→ **YOUR TASK**:
Give back an exact repetition of the material below, from its first line through the line that contains "Apartamento Duplex Setor", both included, minus the pictures.

BEGIN GIVEN INFORMATION

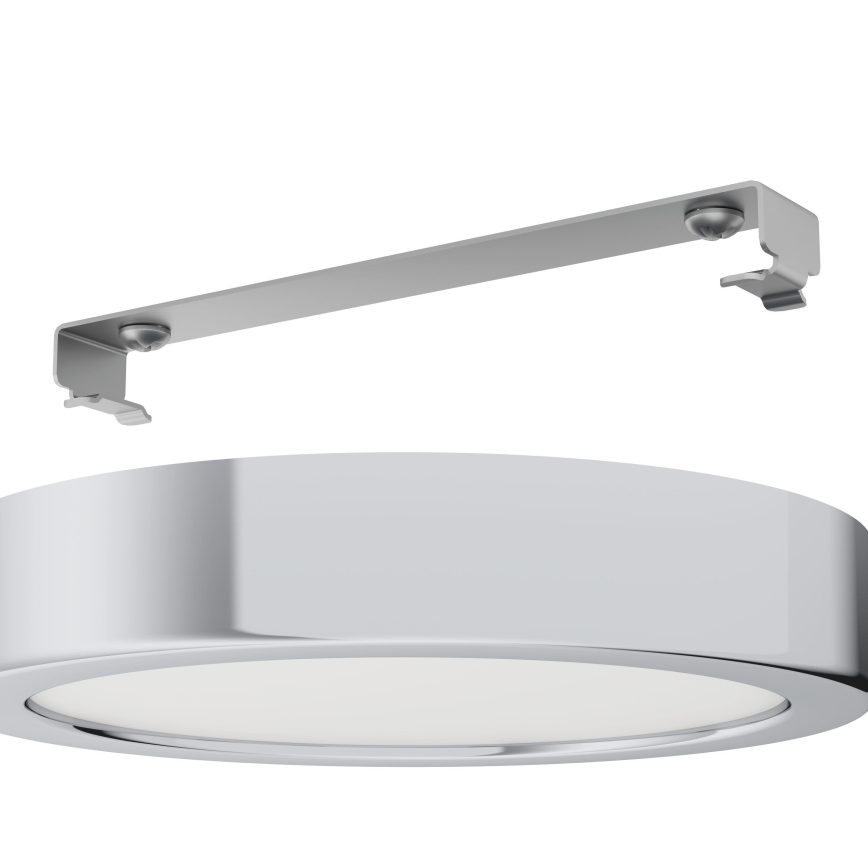 Eglo - LED Stropna svjetiljka za kupaonicu LED/11W/230V IP44 sjajni krom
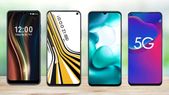 List Of Upcoming Budget 5G Smartphones In India List Of Upcoming Budget 5G Smartphones In India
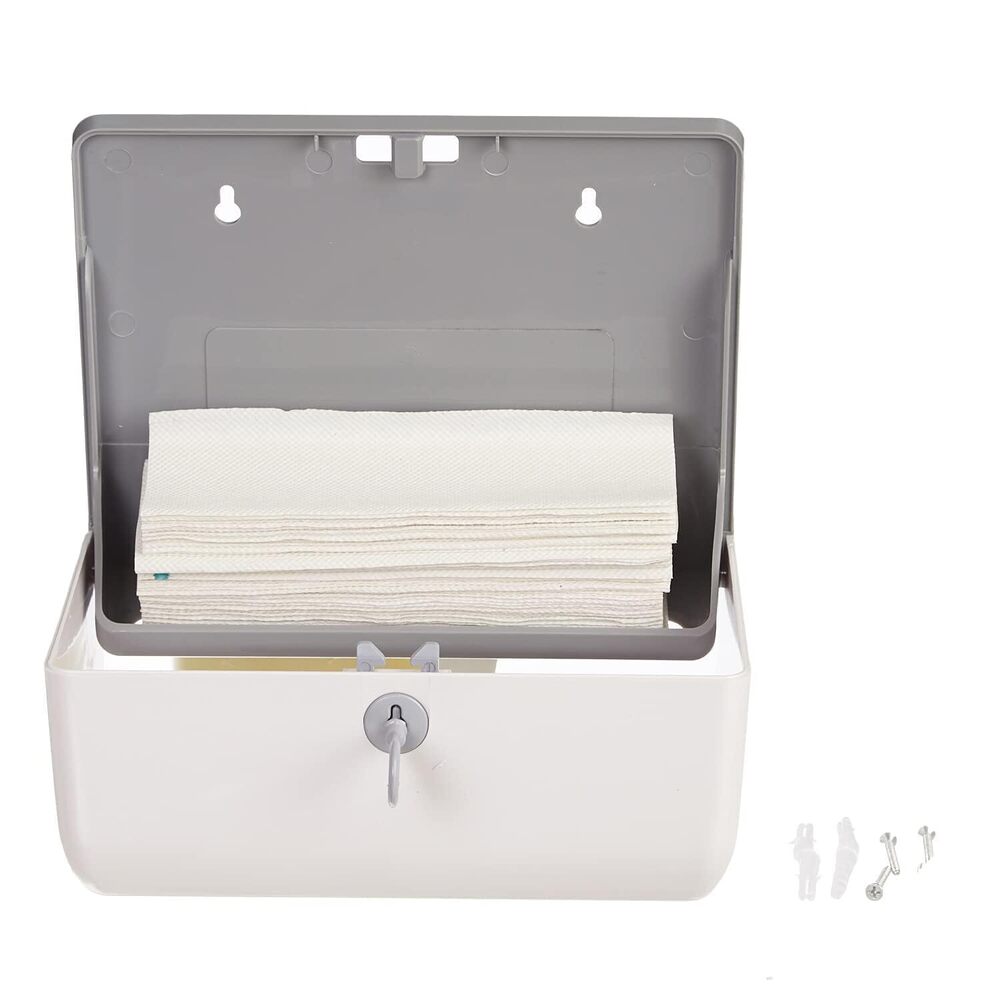 Plastic Tissue Paper Dispenser Small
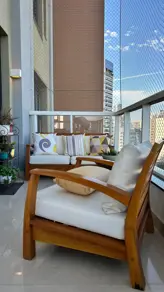 Apartamento Duplex Setor Oeste, Goiânia - GO — foto 2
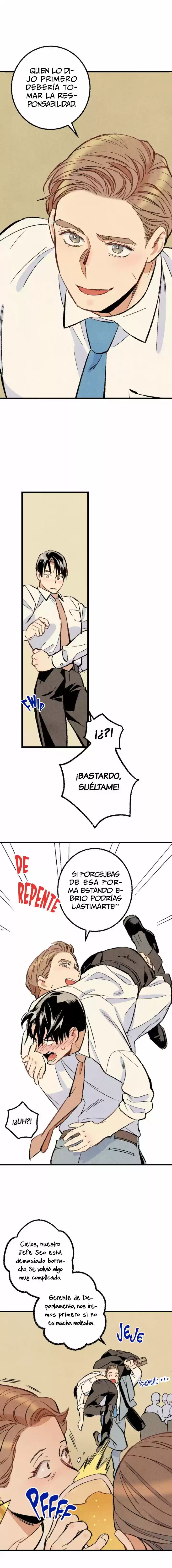 Compañero Perfecto (Perfect Buddy) (2021) - Capítulo 29 - Página 6 - LectorTMOo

END GIVEN INFORMATION

→ **YOUR RESPONSE**:
 Eglo - LED Stropna svjetiljka za kupaonicu LED/11W/230V IP44 sjajni krom
 List Of Upcoming Budget 5G Smartphones In India List Of Upcoming Budget 5G Smartphones In India
 Plastic Tissue Paper Dispenser Small
 Apartamento Duplex Setor Oeste, Goiânia - GO — foto 2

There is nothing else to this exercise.